Uomini sotto il Sole

Racconto epico per voce recitante

con Benedetta Laurà

libero adattamento teatrale dall'omonimo romanzo
di Ghassan Kanafani su traduzione di Isabella D'Acquisto


mise en space e adattamento: Mattia Sebastiano Giorgetti

musiche tradizionali e originali eseguite dal vivo:

Rhapsodia Trio
con alcuni brani inediti di G.P. Marazza

Una produzione Centro Attori La Contemporanea

 


Quattordici milioni sono i profughi nel mondo... un milione di essi ogni anno mette la propria vita nelle mani dei contrabbandieri di vite umane... tre uomini, un anziano, un giovane e un ragazzo sono in cerca di un futuro migliore...

Sono emigrati, dannati della terra, profughi di uno stato che racchiude il nodo delle contraddizioni della politica, della storia di oggi.
La Palestina
.

 

Introduzione di V. Consolo a Uomini sotto il sole di Ghassan Kanafani:

Se quelli appena trascorsi sono stati tempi di Siberie, di campi di lavoro, di mondi concentrazionari,
di luoghi vale a dire in cui l’umanità, per tre quarti, è stata tenuta, da totalitarismi, da occupazioni, da colonialismi, prigioniera, incatenata all’infelicità e le Siberie hanno fatto si che il restante quarto dell'umanità, al di qua di mura o di fili spinati, vivesse felicemente, nella spensierata festa dei consumi, e persino si alienasse,
i tempi in cui viviamo – dissoltesi idolatrie e utopie, crollate le mura e recisi i fili – sono quelli delle fughe, degli esodi, da paesi di mala sorte e mala storia, verso luoghi di speranza, verso terre, se non promesse, ardentemente vagheggiate.

Stiamo parlando, si capisce, delle attuali migrazioni di genti da patrie concultate, da territori occupati, da campi profughi, da favelas, dal Terzo e Quarto mondo o da Paesi ex socialisti, in questa nostra Europa occidentale, nell’America del nord e in mediorientali isole del benessere.

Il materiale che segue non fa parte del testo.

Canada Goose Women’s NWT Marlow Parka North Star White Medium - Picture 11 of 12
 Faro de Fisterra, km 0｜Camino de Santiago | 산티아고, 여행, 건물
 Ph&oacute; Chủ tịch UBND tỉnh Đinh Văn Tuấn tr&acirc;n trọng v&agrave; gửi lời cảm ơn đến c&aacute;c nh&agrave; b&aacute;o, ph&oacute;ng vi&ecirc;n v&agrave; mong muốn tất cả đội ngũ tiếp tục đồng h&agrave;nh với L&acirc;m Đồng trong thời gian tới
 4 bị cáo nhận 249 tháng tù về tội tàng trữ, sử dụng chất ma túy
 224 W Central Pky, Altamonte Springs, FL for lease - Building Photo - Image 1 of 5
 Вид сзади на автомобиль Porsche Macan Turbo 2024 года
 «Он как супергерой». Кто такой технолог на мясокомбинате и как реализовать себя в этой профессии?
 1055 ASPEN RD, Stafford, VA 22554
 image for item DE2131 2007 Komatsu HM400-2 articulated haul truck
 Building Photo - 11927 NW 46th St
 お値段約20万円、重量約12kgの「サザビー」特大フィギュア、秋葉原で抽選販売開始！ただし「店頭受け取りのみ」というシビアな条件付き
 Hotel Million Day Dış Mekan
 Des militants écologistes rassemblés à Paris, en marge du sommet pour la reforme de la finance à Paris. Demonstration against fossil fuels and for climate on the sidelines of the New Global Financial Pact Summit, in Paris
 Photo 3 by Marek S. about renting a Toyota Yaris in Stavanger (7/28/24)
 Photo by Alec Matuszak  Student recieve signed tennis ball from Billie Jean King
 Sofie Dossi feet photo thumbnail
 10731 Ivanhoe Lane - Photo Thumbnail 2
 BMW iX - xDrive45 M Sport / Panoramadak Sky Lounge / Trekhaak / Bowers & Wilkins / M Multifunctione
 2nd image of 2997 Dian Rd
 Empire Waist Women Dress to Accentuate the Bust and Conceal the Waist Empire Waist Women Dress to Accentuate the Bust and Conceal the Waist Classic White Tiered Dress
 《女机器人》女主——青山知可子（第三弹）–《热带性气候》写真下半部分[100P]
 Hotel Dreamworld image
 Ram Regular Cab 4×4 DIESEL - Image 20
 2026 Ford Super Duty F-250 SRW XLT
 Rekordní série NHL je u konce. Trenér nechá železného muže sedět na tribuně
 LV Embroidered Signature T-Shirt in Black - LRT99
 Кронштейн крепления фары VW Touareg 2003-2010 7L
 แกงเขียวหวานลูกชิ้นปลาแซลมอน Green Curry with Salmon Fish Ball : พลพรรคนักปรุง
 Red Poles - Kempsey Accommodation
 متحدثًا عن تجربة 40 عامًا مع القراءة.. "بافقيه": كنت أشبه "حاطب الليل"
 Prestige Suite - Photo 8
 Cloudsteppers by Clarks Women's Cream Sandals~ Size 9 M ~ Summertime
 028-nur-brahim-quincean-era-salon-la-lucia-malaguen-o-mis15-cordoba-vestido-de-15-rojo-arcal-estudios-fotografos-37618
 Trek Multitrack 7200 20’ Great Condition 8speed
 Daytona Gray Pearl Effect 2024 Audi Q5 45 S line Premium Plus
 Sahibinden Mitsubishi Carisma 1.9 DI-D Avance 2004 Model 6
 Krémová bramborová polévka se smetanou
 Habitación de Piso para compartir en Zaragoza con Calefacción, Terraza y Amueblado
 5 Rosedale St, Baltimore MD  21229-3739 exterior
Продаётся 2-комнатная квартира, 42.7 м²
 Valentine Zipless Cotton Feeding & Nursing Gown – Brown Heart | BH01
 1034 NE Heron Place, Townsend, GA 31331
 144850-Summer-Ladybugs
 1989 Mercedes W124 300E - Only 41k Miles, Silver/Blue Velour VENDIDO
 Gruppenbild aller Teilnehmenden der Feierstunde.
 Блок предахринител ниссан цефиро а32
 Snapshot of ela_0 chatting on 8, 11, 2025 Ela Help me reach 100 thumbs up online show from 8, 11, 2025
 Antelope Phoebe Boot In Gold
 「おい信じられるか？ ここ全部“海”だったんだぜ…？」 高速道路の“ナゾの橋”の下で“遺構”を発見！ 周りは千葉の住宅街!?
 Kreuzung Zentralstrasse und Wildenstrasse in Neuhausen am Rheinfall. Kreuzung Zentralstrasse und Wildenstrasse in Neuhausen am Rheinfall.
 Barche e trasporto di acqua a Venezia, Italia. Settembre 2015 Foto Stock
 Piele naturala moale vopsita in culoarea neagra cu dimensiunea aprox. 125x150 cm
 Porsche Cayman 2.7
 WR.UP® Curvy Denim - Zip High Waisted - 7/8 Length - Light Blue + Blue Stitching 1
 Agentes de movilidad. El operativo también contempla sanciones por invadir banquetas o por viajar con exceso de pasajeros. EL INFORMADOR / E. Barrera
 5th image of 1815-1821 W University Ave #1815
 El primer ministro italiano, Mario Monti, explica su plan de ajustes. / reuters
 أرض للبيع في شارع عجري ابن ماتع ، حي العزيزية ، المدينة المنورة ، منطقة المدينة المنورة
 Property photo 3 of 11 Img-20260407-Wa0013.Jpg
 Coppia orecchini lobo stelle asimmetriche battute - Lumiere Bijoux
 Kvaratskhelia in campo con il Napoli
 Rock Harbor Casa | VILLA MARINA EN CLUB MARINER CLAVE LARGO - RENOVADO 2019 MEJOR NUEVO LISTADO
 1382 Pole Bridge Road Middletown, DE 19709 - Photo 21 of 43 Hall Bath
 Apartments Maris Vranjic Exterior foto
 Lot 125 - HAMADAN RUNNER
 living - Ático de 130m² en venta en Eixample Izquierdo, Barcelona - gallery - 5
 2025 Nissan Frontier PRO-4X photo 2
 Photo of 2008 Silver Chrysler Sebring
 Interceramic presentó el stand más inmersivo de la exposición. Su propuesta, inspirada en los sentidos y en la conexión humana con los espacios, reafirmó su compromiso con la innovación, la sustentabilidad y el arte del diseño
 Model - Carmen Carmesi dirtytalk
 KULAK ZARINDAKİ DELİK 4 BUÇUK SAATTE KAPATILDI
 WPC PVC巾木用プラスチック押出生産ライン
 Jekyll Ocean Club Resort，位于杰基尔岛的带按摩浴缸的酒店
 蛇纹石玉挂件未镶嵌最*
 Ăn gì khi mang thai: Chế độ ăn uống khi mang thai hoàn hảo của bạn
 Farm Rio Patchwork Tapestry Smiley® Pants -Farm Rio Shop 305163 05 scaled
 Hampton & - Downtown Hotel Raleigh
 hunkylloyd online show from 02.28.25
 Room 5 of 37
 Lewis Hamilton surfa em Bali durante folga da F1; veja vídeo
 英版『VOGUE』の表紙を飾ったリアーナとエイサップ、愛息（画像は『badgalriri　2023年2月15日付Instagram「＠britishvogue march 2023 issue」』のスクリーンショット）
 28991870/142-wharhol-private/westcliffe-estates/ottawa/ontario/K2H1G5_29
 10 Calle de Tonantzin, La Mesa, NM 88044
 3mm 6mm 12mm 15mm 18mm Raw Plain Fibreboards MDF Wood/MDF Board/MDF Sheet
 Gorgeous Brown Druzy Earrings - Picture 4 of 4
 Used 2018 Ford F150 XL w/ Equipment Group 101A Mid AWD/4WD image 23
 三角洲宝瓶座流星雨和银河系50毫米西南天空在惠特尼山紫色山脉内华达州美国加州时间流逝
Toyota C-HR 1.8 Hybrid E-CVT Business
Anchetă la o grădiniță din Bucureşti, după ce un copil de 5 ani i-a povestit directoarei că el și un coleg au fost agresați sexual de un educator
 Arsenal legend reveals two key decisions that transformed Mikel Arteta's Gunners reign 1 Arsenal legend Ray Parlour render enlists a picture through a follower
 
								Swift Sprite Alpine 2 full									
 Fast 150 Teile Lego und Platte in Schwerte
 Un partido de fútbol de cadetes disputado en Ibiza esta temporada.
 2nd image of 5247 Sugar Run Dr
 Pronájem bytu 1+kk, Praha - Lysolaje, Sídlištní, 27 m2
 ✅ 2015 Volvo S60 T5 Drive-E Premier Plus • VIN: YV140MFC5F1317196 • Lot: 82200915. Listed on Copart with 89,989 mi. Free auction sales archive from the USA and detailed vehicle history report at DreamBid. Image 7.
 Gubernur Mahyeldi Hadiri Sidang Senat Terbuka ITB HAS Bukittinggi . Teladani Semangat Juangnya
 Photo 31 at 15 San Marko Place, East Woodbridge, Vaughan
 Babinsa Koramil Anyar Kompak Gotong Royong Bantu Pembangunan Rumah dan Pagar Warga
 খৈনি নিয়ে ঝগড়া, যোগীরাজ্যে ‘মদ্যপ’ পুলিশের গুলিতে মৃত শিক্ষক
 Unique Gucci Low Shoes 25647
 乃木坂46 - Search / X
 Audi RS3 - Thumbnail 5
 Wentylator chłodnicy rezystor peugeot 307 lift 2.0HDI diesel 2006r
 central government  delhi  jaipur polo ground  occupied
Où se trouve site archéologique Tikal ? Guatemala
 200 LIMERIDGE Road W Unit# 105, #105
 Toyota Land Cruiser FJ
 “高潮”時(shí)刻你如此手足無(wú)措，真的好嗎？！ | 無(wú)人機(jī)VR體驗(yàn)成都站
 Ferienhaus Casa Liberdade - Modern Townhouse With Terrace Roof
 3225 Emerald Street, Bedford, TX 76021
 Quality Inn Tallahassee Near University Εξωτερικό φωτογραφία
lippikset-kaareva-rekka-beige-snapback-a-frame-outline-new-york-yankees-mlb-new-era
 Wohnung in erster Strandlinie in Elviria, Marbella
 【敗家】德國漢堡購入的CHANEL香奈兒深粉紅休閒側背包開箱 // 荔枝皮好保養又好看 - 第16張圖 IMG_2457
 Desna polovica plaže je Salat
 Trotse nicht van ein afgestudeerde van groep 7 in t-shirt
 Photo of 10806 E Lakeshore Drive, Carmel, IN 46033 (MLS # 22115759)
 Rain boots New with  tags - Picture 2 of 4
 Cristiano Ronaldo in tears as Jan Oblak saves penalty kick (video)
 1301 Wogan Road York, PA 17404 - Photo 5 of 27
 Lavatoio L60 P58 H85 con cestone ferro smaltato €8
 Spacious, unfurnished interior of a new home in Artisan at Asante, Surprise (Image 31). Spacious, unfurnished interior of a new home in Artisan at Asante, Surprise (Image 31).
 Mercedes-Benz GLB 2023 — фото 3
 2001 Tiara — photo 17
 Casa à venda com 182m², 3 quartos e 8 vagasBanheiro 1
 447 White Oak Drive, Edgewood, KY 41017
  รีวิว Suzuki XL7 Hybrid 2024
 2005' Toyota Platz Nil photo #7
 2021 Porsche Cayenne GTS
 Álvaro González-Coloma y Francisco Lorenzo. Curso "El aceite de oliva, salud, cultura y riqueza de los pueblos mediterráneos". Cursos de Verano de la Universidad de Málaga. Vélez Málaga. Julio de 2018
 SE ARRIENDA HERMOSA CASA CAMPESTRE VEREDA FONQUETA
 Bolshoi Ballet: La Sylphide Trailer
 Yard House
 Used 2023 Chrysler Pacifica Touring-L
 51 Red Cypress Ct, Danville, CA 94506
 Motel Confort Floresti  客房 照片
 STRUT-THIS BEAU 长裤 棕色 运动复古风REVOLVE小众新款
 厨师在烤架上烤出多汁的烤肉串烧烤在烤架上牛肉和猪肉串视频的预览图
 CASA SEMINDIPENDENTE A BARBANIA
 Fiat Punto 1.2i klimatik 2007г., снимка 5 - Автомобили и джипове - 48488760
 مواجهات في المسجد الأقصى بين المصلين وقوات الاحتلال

Di questi esodi massicci e incessanti le cronache ogni giorno ci consegnano tragici episodi di clandestini soggocati dentro stive di navi; d'altri scoperti, gettati in pasto ai pescecani; di bambini assiderati nei passaggi notturni per valichi montani; di naufraghi stremati...(...) di clandestini che vengono trasportati nascosti in vagoni, in autocisterne, sotto l'implacabile sole dell'estate, per una sierra o un deserto.

 

I tre personaggi principali del racconto di Ghassan Kanafani,
il maturo Abu Qais, il giovane Asad e il ragazzo Manwàn, che moriranno asfissiati dentro l’autocisterna nel tentativo di entrare clandestini nel ricco Kuwait, sono degli emigrati, dei dannati della terra, dei profughi di uno Stato, la Palestina, che racchiude, nella sua tragedia annosa e mai risolta, il nodo degli errori, delle contraddizioni della politica, della storia di oggi. I due blocchi del racconto sembrano simboleggiare i due forti sentimenti entro cui si muovono i personaggi: la pena e la speranza.

Pena per l’abbandono della patria; speranza per il luogo che desiderano raggiungere. La speranza – sapremo – bruciata nel ventre rovente d’una metallica cisterna. La pena per l’abbandono della patria è il sentimento, se possibile, più straziante.